***** STUDY MATERIAL

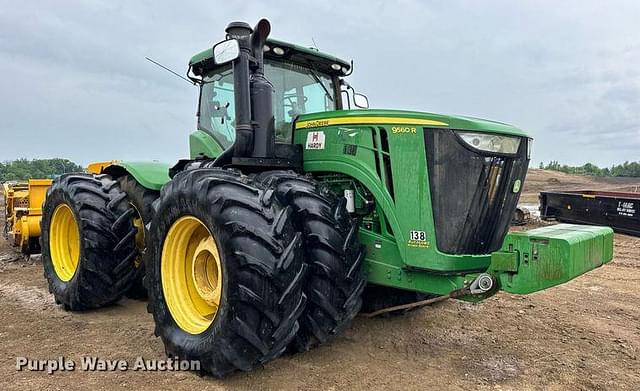 Image of John Deere 9560R equipment image 2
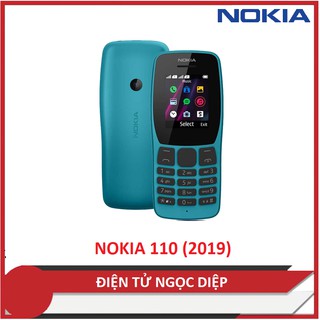 Điện thoại nokia 110 - hàng chính hãng mới 100%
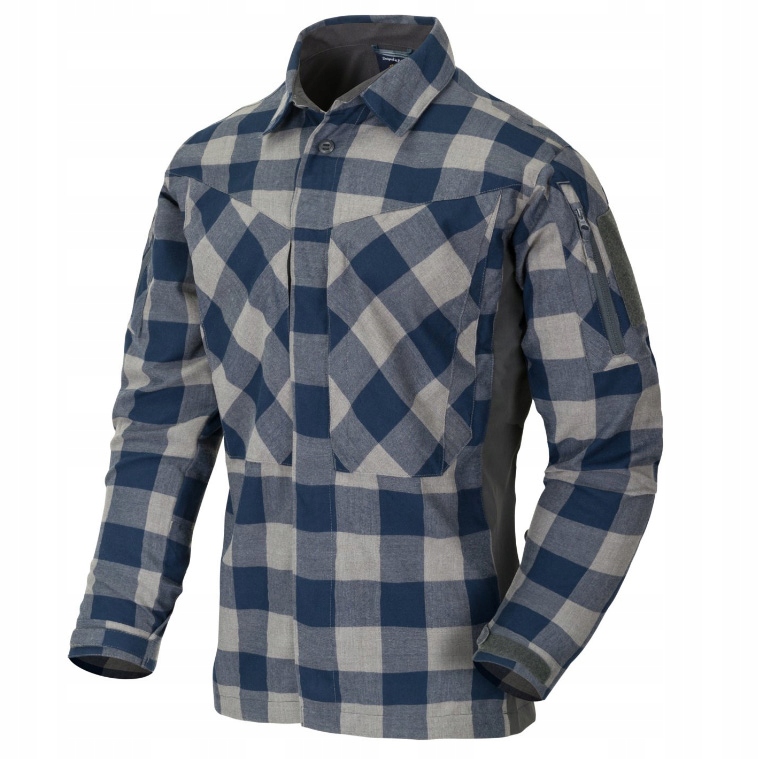 

Koszula Helikon Mbdu Flannel Slate Blue L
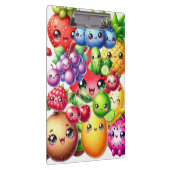 Gelukkig Fruit Klembord (Rechts)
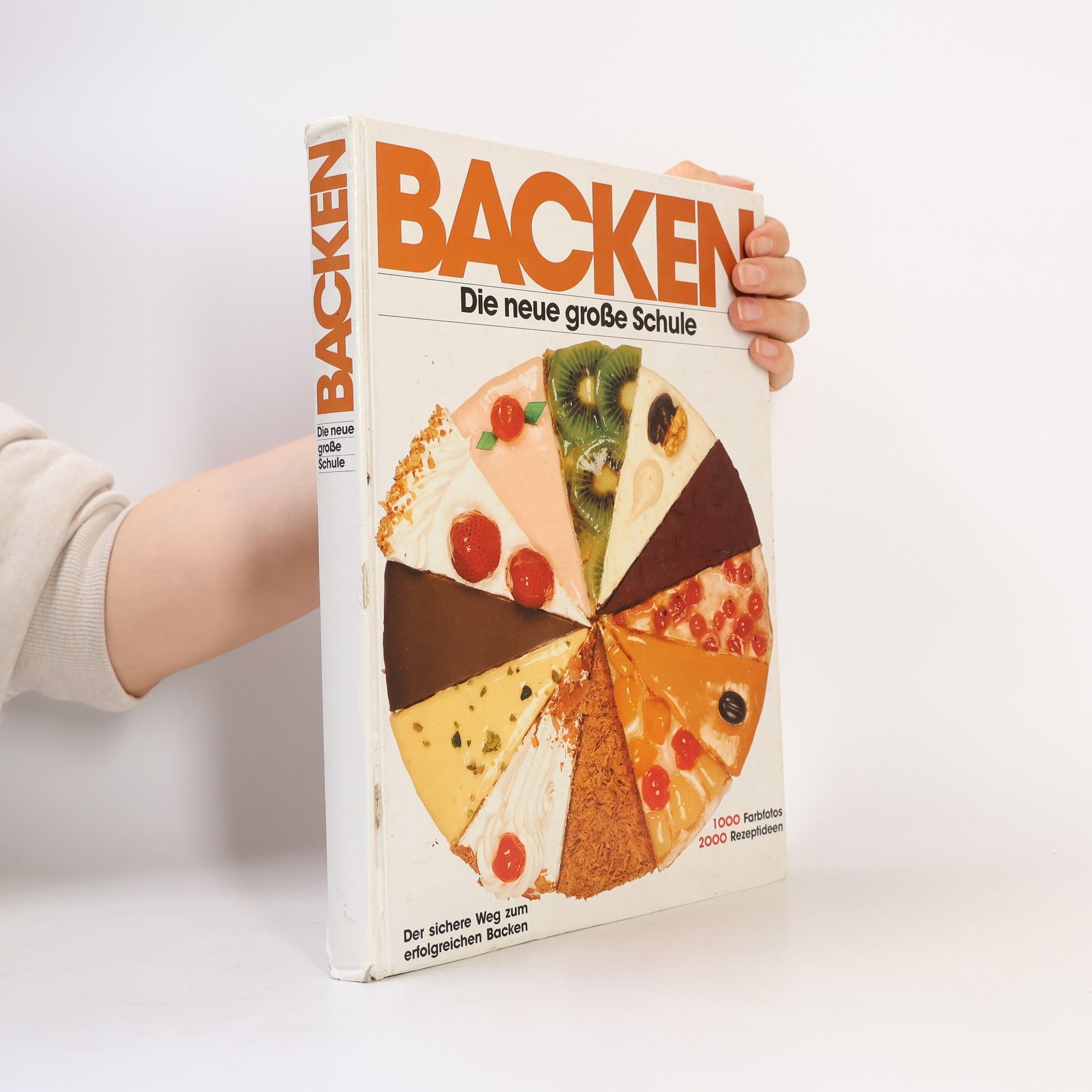 Auteurscollectief Backen. Die neue große Schule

**********

DIRECTIONS ▸ Transcribe every entry exactly. Leave out the pictures.

THE COMPLETED TASK ▸
 Image of John Deere 9560R equipment image 2
 Điện thoại nokia 110 - hàng chính hãng mới 100%

Koszula Helikon Mbdu Flannel Slate Blue L
 Gelukkig Fruit Klembord (Rechts)
 Auteurscollectief Backen. Die neue große Schule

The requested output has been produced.